Absolut. Gemessen an den Möglichkeiten, die Tuchel in Mainz hatte, hat er Bemerkenswertes geleistet. Es gibt schließlich eine ganze Reihe von Faktoren, die die Punktzahl beeinflussen: unter anderem die Infrastruktur eines Klubs oder Budgets für Gehälter und Transfers. Man kann einen Trainer also nicht nur nach Punkten und Tabellenstand bewerten, sondern vielmehr danach, wie er Spieler individuell und Mannschaften generell weiterentwickelt. Tuchel hat das bei zahlreichen Spielern geschafft: André Schürrle, Lewis Holtby, Adam Szalai, Nicolai Müller, Jan Kirchhoff, um nur mal einige zu nennen.

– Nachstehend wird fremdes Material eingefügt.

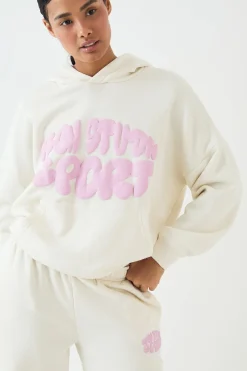 Ensemble De Survêtement À Casynthétiqueche Avec Logo Relief Dsgn Studio Sport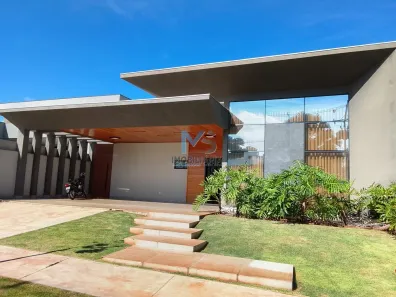 Casa de Condomínio com 3 Quartos à venda, 250m² no Condomínio Porto Rico Resort Residence, Porto Rico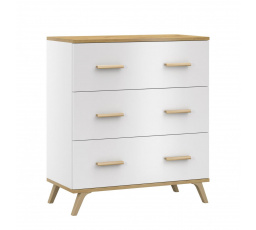 Komoda so zásuvkami Roky 8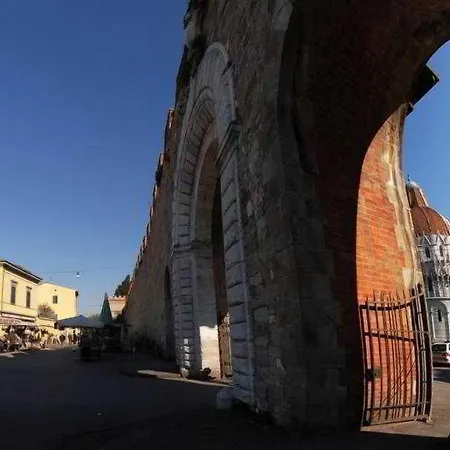 Hotel Il Giardino Pisa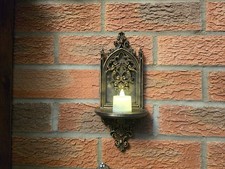 Gothic Arch Shelf: Cathedral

Daran arbeitet er ganz akribisch und ist daher ein Vorreiter seiner Zunft.
Inwiefern?Wir schwärmen heute von der taktischen Variabilität des FC Bayern. Tuchel hat bereits drei verschiedene Systeme innerhalb einer Partie spielen lassen, als Pep Guardiola noch in Barcelona war. Dazu hat er für seine ausgefeilten Matchpläne erkannt: Für verschiedene Gegner brauche ich verschiedene Spielertypen, was plötzlich das Potenzial des gesamten Kaders viel effektiver ausschöpfte. Tuchel hat innovative Prozesse eingeleitet, die der damaligen Zeit voraus waren.
Sind Josep Guardiola und Tuchel vergleichbar?Bei beiden stehen gruppen- und mannschaftstaktische Prozesse im Mittelpunkt. Guardiola und Tuchel sind Fußball-Entwickler. Sie sind in der Lage vorauszusehen, wohin sich der Fußball entwickelt. Sie lassen im besten Falle Fußball spielen, der in einem halben Jahr von anderen kopiert wird. Es verändern sich gerade viele Nuancen im Fußball, einige Trainer hängen da hinterher, andere sind on time und wenige wie Tuchel oder Guardiola antizipieren, wie sich das Spiel entwickeln könnte und haben das besondere Talent, den Fußball immer wieder neu zu erfinden. Diese Kreativität und Lust am Neuerfinden des Fußballs, die beide auszeichnet, sind ein unfassbarer Mehrwert für einen Verein.
Weshalb ist es denn im Fußball so schwierig, taktisch variabel mit mehreren Systemen während eines Spiels zu agieren oder das System auf den Gegner zuzuschneiden?Wenn man im Leistungssport etwas im Wettkampf ausprobiert, sollte man es intensiv geübt haben und nahezu fehlerfrei beherrschen. Zum Vergleich: Eine Kunstturnerin turnt ihre Übung mehr als 1000 Mal, bevor sie die im Wettkampf zeigt. So ist das auch im Fußball. Um während eines Bundesligaspiels zwischen mehreren Systemen umstellen zu können, bedarf es enormer Vorbereitungszeit und zahlreicher Wiederholungen in jeder Trainingseinheit. Ein taktisch denkender Trainer eignet seinen Spielern dieses Know-how an und gibt ihnen das Selbstbewusstsein, das auch im Spiel umzusetzen. Früher ließen die Trainer ihre Spieler Gras fressen, die modernen Trainer lassen die Köpfe rauchen.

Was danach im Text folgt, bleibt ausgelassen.